I don’t want to use CPU, it takes so long to compute. In my opinion, it uses CPU, not GPU. How can I be sure and if it uses CPU, how can I change it to GPU?

Note: Model is taken from huggingface transformers library. I have tried to use cuda() method on the model. (model.cuda()) In this scenario, GPU is used but I can not get an output from model and raises exception.

model.cuda() or model.to("cuda") puts the model on GPU, you also need to put the inputs on GPU when model is on GPU, may be that’s why you are getting the exception.
Could post your code snippet and the exception, so we can take a look ?

Here is the exception and code.

Expected object of device type cuda but got device type cpu for argument #3 ‘index’ in call to _th_index_select

from transformers import AutoTokenizer, AutoModelForQuestionAnswering, pipeline
import torch

BERT_DIR = "savasy/bert-base-turkish-squad"    

tokenizer = AutoTokenizer.from_pretrained(BERT_DIR)
model = AutoModelForQuestionAnswering.from_pretrained(BERT_DIR)
nlp=pipeline("question-answering", model=model, tokenizer=tokenizer)


def infer(question,corpus):
    try:
        ans = nlp(question=question, context=corpus)
        return ans["answer"], ans["score"]
    except:
        ans = None
        pass

    return None, 0

if you are using pipeline then you won’t need to put the model on GPU manually, pipline can handle that using the device parameter, just pass the gpu device number and it should work.
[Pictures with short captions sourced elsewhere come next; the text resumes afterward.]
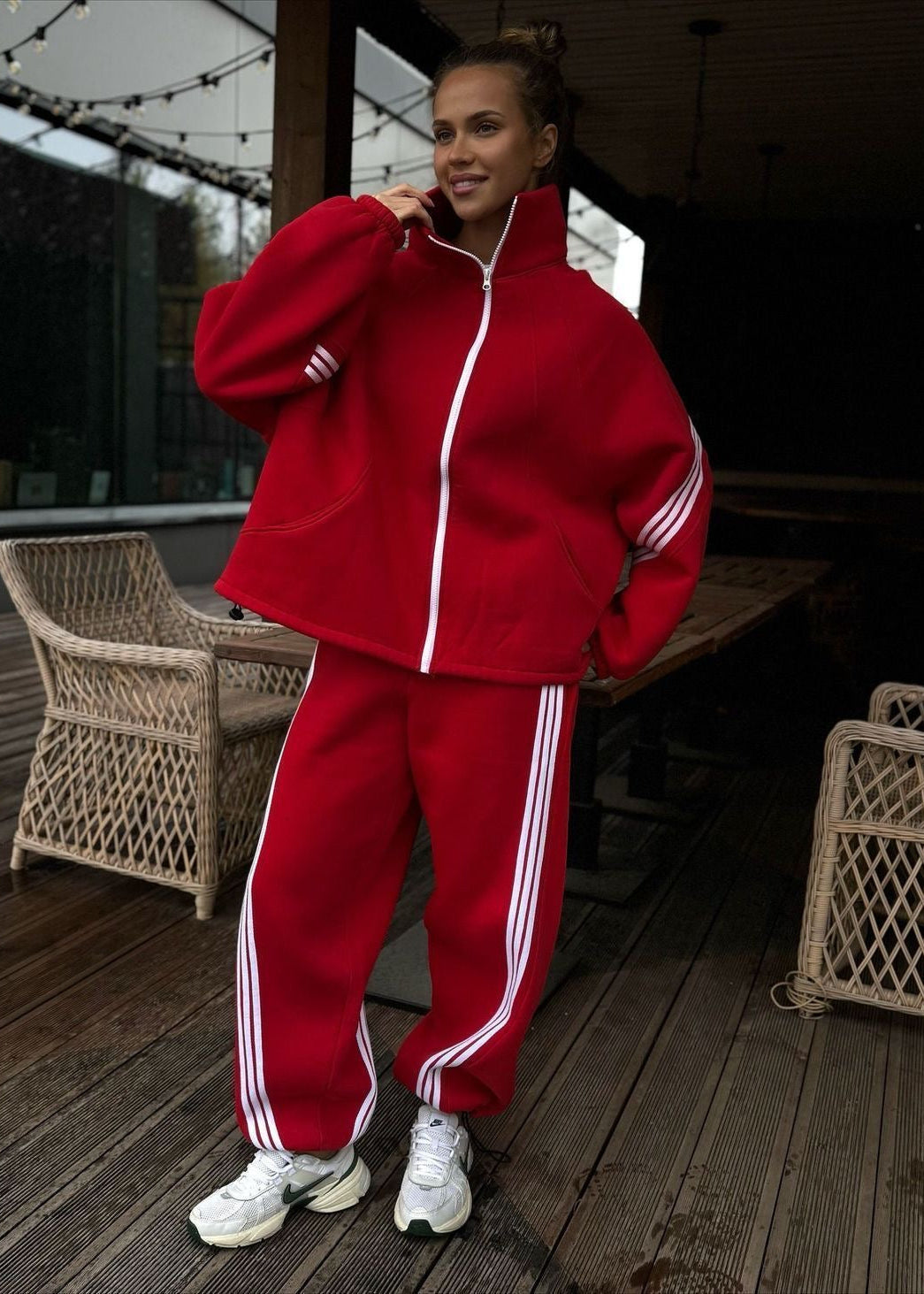 Contrast Stripe Zip-Up Jacket and Jogger Tracksuit Set
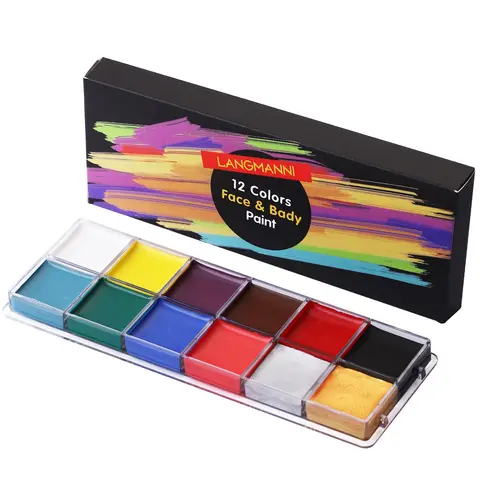 12 Colors Face & Body Paint Palette, 1 Box High Pigment Highly Saturation DIY Body Paint Palette Body Makeup for Cosplay, Party, Festival Leg Body Makeup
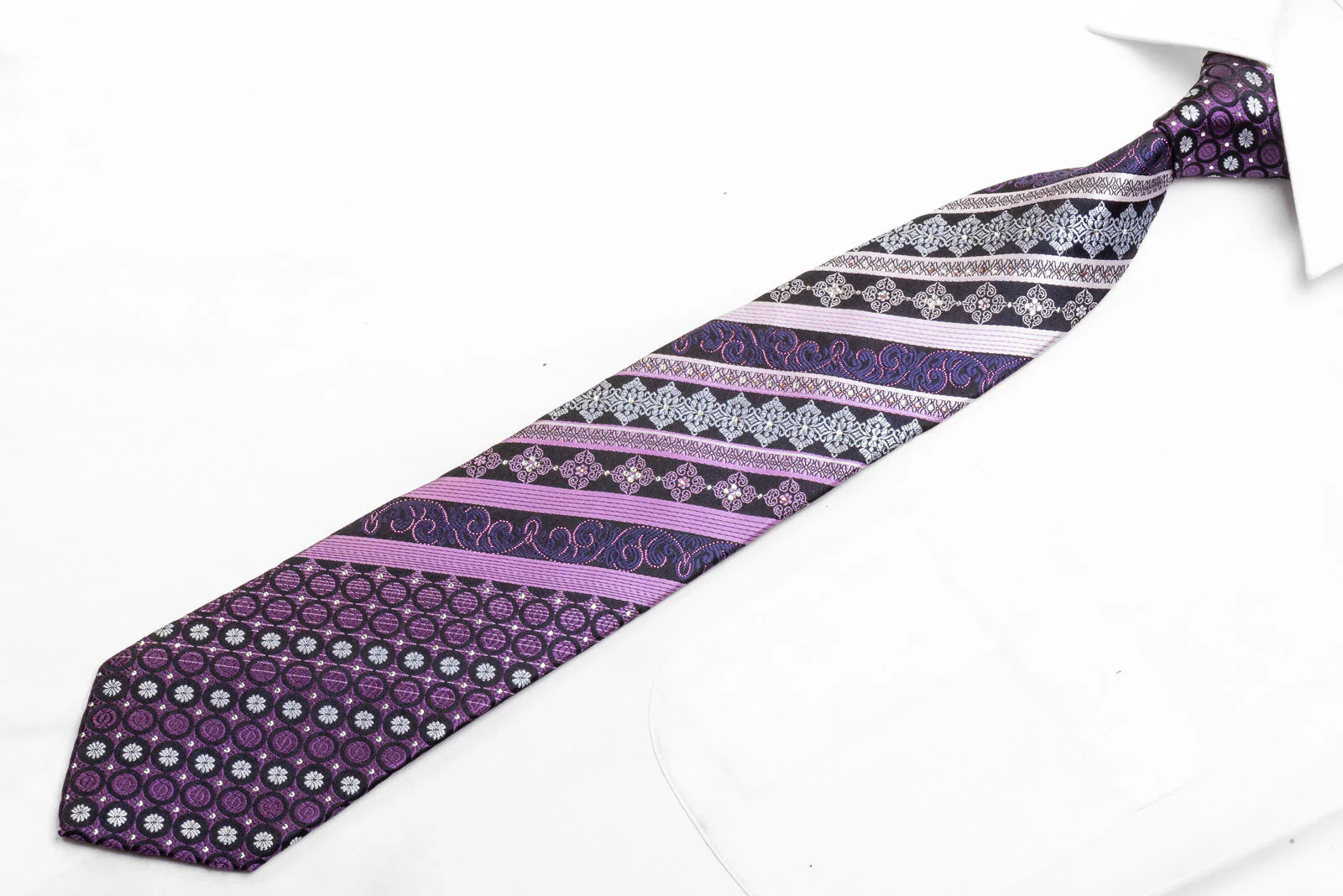 Men's Crystal Rhinestone Necktie Purple Stripes On Navy With Sparkles - Image 3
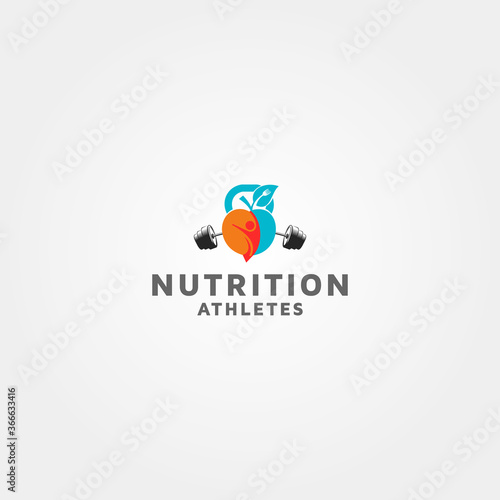 Nutrition athletes Vector logo design template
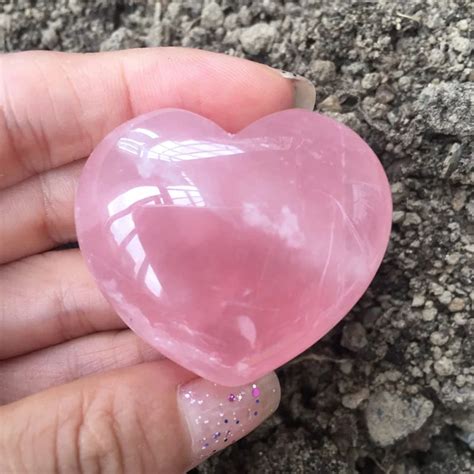 HEALIT- Heart Shaped Rose Quartz Natural Stone Polished Puffy Heart ...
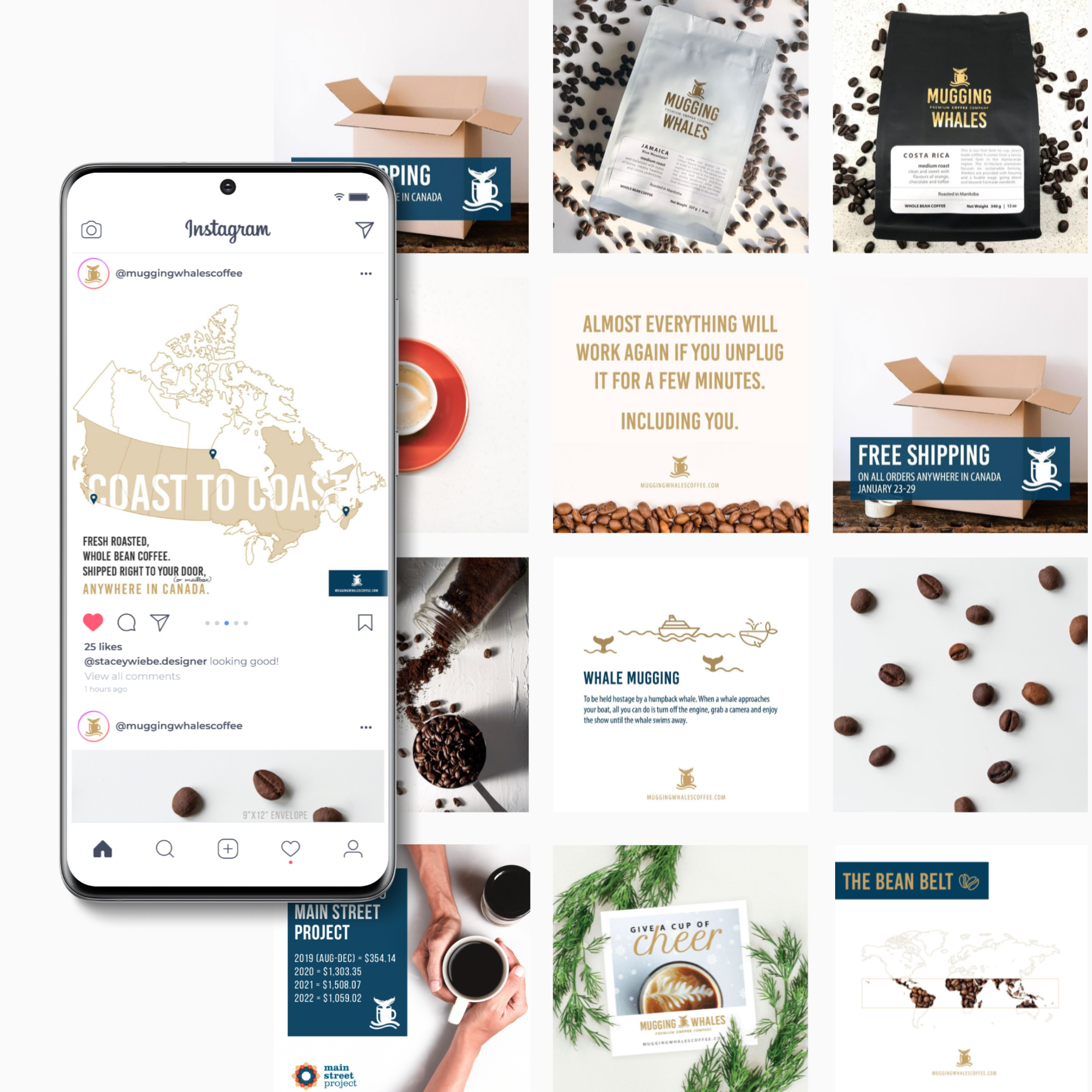 Mugging Whales Coffee curated social media feed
Also you can just pass the BERT_DIR to model parameter, pipeline can load model itself. Try this and let me know.

nlp = pipeline("question-answering", model=BERT_DIR, device=0)
2 Likes

Thank you valhalla. It works on GPU now.

Hi, how do we determine the GPU device number? I am deploying my model to a sagemaker endpoint if that matters.

UPDATE:
For anyone else wondering, 0 is the default for the GPU (see definition of device from pipeline documentation below:

  • device (int, optional, defaults to -1) – Device ordinal for CPU/GPU supports. Setting this to -1 will leverage CPU, >=0 will run the model on the associated CUDA device id.